It’s dark in the park because they’ve turned out the lights to save some money. There’s a noisy owl in the wooded bit and the man with the little round glasses says he’s fucking freezing.
The sun comes up and makes long shadows, blue sky with short pink vapour trails and a neat thaw line down the middle of the road.
It’s 1° and the frost is still hard when I pass the man in the T-shirt, shorts and flip-flops who is struggling to fit a baby seat into an old Ford Focus. Across the street a thin woman is forcing cardboard packaging into her overflowing bin, “Fuck me!” she says to the teenage girls who are listening to speaker-phone hip-hop on the wall, “When are they gonna come and empty the chuffin’ bins, man?”
Down by the No Fly Tipping sign someone has fly-tipped a broken wheelie bin.
At the bottom of the hill between the two derelict fridges, two boys of about eight or nine are playing kerby while another boy throws small stones at them. They pause briefly when the angry old man in the polyester parka poises a tin can across the street.
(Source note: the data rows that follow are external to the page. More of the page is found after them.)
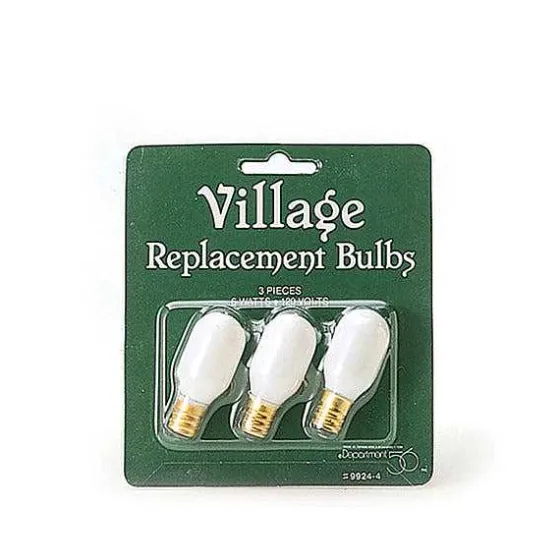 Department 56 Replacement Light Bulb 120V - Set Of 3 New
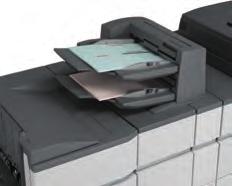 Med en papirkapasitet som kan utvides fra 3100 til opptil 8500 ark, kan de ta selv de lengste utskriftsjobber uten problemer.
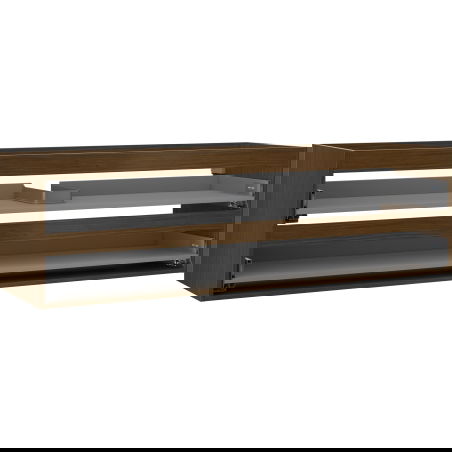 Mexen Box-A корпус на шкаф под мивка 160 см, 2 чекмеджета, орех - 91AX0-1600-470-2-86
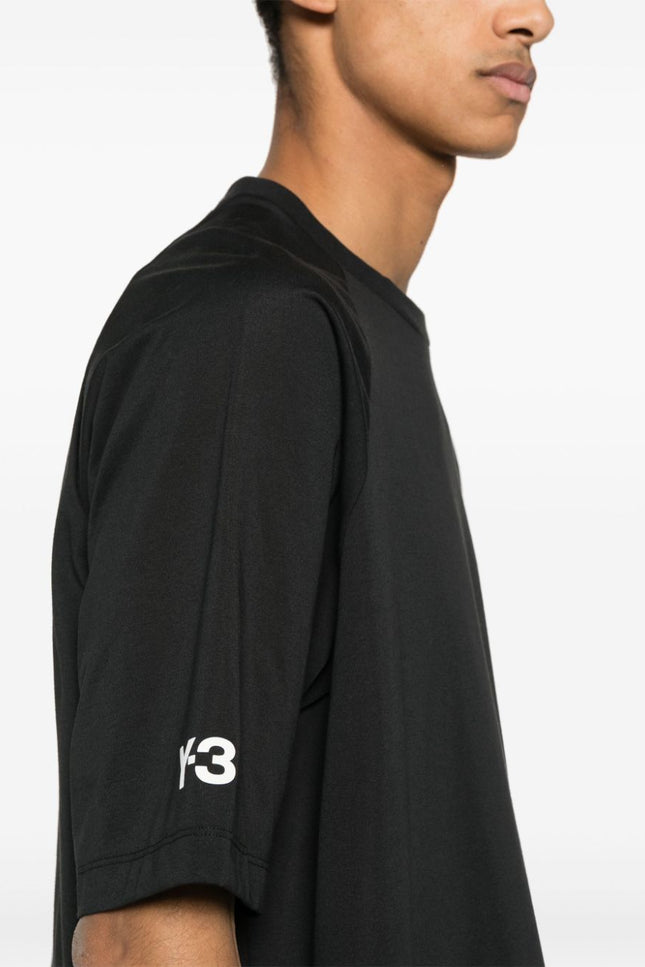 Y-3 T-shirts and Polos Black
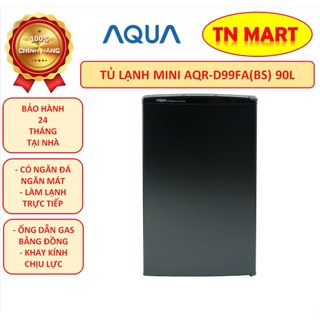 Tủ lạnh mini Aqua AQR-D99FA(BS) 90 lít & AQR-D59FA(BS) 50 lít, chính hãng, bảo hành 24 tháng tại nhà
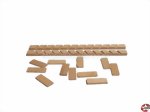 Treppe aus Holz Bausatz 14x70mm Aeronaut 574401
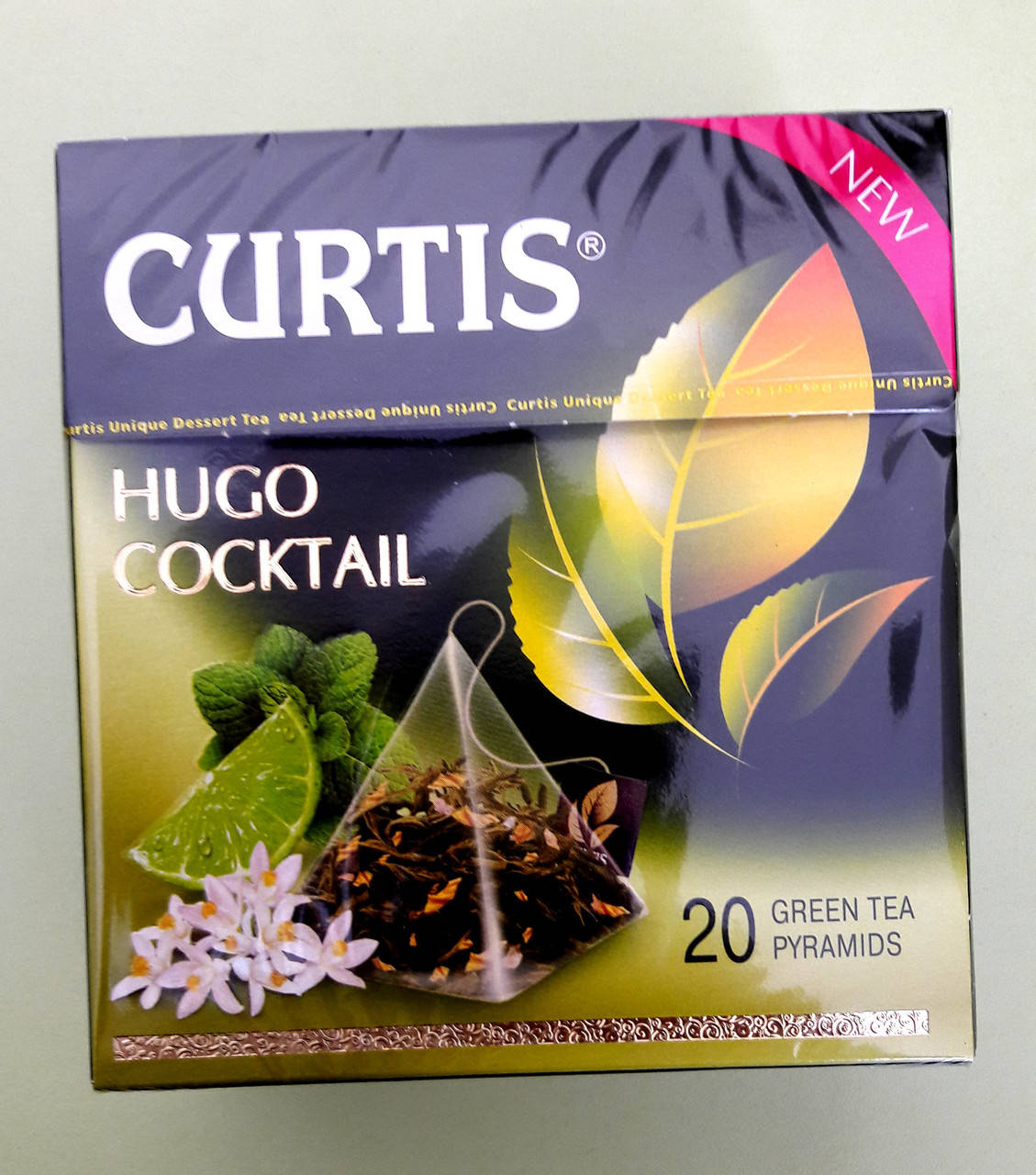 

Чай Curtis Hugo Cocktail 20 пирамидок зеленый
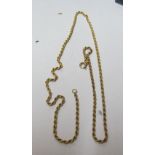 A gold chain 7.48gm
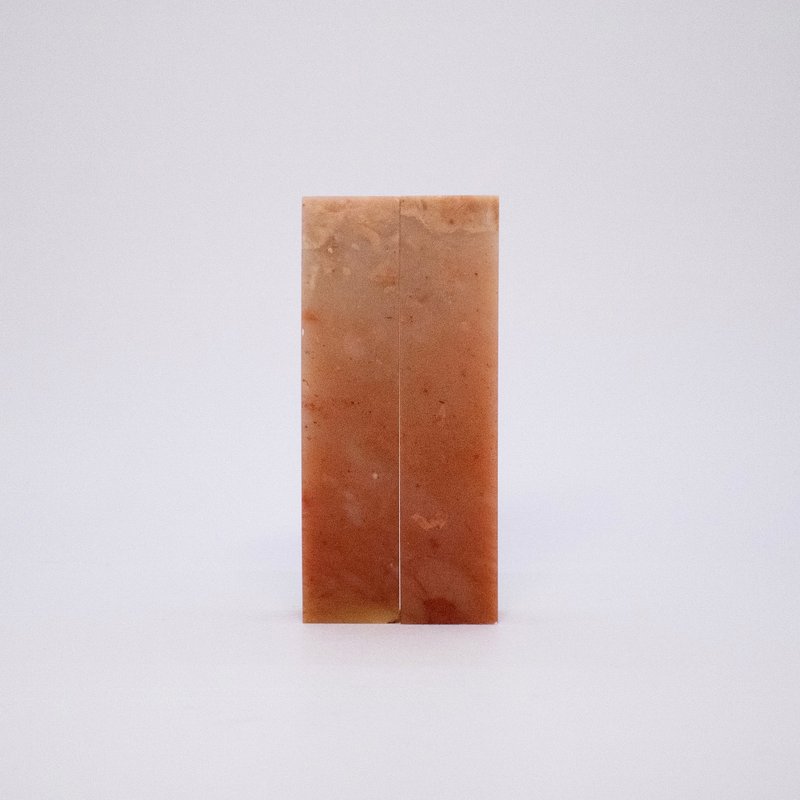 爱你一万年 / 宝泥斋定制结婚/情人对章 - 巴林石 - 印章/印台 - 石头 红色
He climbs into a black Skoda Fabia and drives away at high speed and the boys carry on with their game.
Next to the end terrace with NOTE PRIVT PlS DON’T THROW RUBISH HERE painted on its gable end in foot high lettering there are three sodden old settees, two armchairs, a stained king-sized mattress, a wardrobe door, four split open bin liners of children’s clothes in a puddle, a small pile of rubble, a large cardboard box, a bit of an old tent, an empty Pepsi can, an empty Persil box and some snapped off bits of rotten timber.
On the side street of semis, a tall thin man in a black fleece and beenie is trying to look nonchalant while his dog pisses on his next door neighbour’s gate post. He glances casually through the front window to check he hasn’t been spotted. On the other side of the road, outside the house with the plastic-terracotta doorstep plant pots of couch grass and Haribo wrappers, the woman in her 60s is being patient with her Yorkshire terrier as it shits on the pavement. She stands over it anxiously, little black plastic bag ready in her hand. Further along, there’s a pride of journalists with woollen overcoats and long lenses blocking the road outside the house of the man who was shot dead by the police yesterday.